Research & Work Experience
Organization: IBM Consulting, India
- Nov 2018 - July 2020: Data Scientist
- Built a machine learning platform from scratch for monitoring and tracking the traversed path of 120k vessels.
- Wrangled 1.5TB of vessel trading data (containing 39 features for each of the 120k vessels) stored in the Synapse database to train a Machine Learning regressive prediction algorithm and implemented an offline batch inference method for vessel trajectory prediction (in terms of longitudes and latitudes), which reduced the overall vessel traversal logistics time by 27%.
- Optimized the developed ML platform by developing and including an explainability solution to identify influential features in the data for the prediction algorithm, resulting in improved trained ML model accuracy from 65% to 86%.
- Integrated a data visualization framework, built using the Dash-Plotly library, into the platform for creating intuitive as well as user-interactive visualizations and launched the developed machine learning platform for production use, allowing 2k+ end clients to discover, on the fly, daily patterns in vessels movement and track the regular impact of vessel trades on liquidity.
Organization: Technical University of Dortmund, Germany
- Dec 2020 - June 2021: Research Intern
- Designed and implemented a unique post-hoc model-agnostic Graph Neural Networks (GNNs) explainability framework. Unlike other traditional GNN explainability methods, the implemented approach does not require retraining to generalize explanations to new instances for node and graph classification, and link prediction tasks.
- The framework takes a trained GNN model along with some meta-data information of the input graph as input, computes layer-wise edge importance weights, and outputs an explanatory subgraph.
- The implemented GNN explanation framework is available on PyTorch Geometric. (link)
Organization: IBM Research, India
- July 2020 - Dec 2022: Research Associate
- Worked on creating a framework to transform the domain-specific ontologies into large-scale enterprise heterogeneous knowledge graphs (each comprises billions of nodes and edges connecting them). The framework consumes an ontology as a property graph (unique to different domains), models the various available relations in the knowledge graph using a multi-layered Relational Graph Convolutional Network (RGCN), and generates predicted label for each domain-level entity in the property graph as output.

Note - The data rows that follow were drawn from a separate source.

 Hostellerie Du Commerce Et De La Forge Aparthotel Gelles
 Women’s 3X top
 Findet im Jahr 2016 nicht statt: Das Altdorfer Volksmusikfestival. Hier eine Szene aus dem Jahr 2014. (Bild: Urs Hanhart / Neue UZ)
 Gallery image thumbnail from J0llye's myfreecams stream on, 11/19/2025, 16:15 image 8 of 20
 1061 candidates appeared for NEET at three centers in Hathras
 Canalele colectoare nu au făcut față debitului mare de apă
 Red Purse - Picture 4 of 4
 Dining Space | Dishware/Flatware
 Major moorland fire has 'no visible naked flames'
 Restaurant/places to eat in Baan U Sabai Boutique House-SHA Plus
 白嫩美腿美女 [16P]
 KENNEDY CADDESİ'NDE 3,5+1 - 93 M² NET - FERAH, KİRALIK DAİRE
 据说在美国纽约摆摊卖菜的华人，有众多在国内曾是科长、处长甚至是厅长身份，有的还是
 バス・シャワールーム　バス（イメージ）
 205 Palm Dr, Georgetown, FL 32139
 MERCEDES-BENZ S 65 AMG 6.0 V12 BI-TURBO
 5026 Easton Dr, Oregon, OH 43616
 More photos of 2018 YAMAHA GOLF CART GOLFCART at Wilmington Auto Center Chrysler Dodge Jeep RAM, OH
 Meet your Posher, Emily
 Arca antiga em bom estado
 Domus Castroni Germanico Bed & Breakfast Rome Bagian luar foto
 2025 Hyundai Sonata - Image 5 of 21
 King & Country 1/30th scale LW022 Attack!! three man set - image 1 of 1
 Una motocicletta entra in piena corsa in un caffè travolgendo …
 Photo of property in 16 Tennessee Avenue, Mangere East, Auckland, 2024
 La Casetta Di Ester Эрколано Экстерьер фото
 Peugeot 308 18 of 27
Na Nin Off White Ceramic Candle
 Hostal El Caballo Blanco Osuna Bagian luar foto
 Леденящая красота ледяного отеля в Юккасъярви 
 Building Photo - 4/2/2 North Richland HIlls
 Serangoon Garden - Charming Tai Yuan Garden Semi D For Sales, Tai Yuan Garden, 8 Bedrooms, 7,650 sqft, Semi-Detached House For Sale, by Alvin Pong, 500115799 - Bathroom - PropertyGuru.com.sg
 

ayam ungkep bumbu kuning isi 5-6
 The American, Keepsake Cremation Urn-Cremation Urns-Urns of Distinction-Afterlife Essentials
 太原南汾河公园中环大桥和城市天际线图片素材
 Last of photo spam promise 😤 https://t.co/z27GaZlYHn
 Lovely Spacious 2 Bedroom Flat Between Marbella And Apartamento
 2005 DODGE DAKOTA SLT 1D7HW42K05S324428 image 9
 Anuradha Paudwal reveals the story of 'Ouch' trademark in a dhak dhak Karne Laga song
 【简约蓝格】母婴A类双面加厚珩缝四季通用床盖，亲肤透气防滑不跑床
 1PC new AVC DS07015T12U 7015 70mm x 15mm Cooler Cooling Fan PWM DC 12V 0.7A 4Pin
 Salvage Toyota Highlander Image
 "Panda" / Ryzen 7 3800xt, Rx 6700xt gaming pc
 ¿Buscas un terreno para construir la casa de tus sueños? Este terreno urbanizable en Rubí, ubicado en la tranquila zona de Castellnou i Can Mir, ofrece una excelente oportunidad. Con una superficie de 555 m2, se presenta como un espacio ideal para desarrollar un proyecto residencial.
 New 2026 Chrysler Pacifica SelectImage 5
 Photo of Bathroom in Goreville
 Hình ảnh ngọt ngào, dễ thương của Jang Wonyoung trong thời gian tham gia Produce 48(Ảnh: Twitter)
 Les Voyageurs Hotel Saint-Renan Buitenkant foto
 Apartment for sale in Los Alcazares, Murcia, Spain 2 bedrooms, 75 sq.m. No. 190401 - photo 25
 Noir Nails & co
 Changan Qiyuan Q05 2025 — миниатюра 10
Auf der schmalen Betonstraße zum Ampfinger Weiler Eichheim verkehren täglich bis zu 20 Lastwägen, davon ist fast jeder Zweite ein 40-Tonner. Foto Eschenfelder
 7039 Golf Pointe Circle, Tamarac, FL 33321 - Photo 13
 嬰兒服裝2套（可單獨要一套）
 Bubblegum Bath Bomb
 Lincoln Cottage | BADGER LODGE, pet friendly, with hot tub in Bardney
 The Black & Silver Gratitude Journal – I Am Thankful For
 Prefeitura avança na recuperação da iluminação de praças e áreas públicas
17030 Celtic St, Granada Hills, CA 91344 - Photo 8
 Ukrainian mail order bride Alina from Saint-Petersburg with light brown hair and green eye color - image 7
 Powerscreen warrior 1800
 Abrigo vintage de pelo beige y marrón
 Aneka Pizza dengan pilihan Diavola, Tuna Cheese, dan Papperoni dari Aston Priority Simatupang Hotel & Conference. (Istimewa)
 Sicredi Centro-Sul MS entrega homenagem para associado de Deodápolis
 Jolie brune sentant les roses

- To make the overall approach interpretable, introduced an explainability component in the framework to produce human-intelligible explanations for every single prediction being made for the input knowledge graph.
- Proposed a novel automated approach to evaluate GNN explanations to boost the reliability of predictions made by complex ML models applied to the Graph- structured data domain. Work was published in the Explainable AI Workshop at ICML 2021.
- Deployed the developed framework as a production-ready API that was also employed to create a novel large-scale graph representation learning dataset called the TACRED people dataset, which is being used by other teams in the lab to accelerate graph ML research.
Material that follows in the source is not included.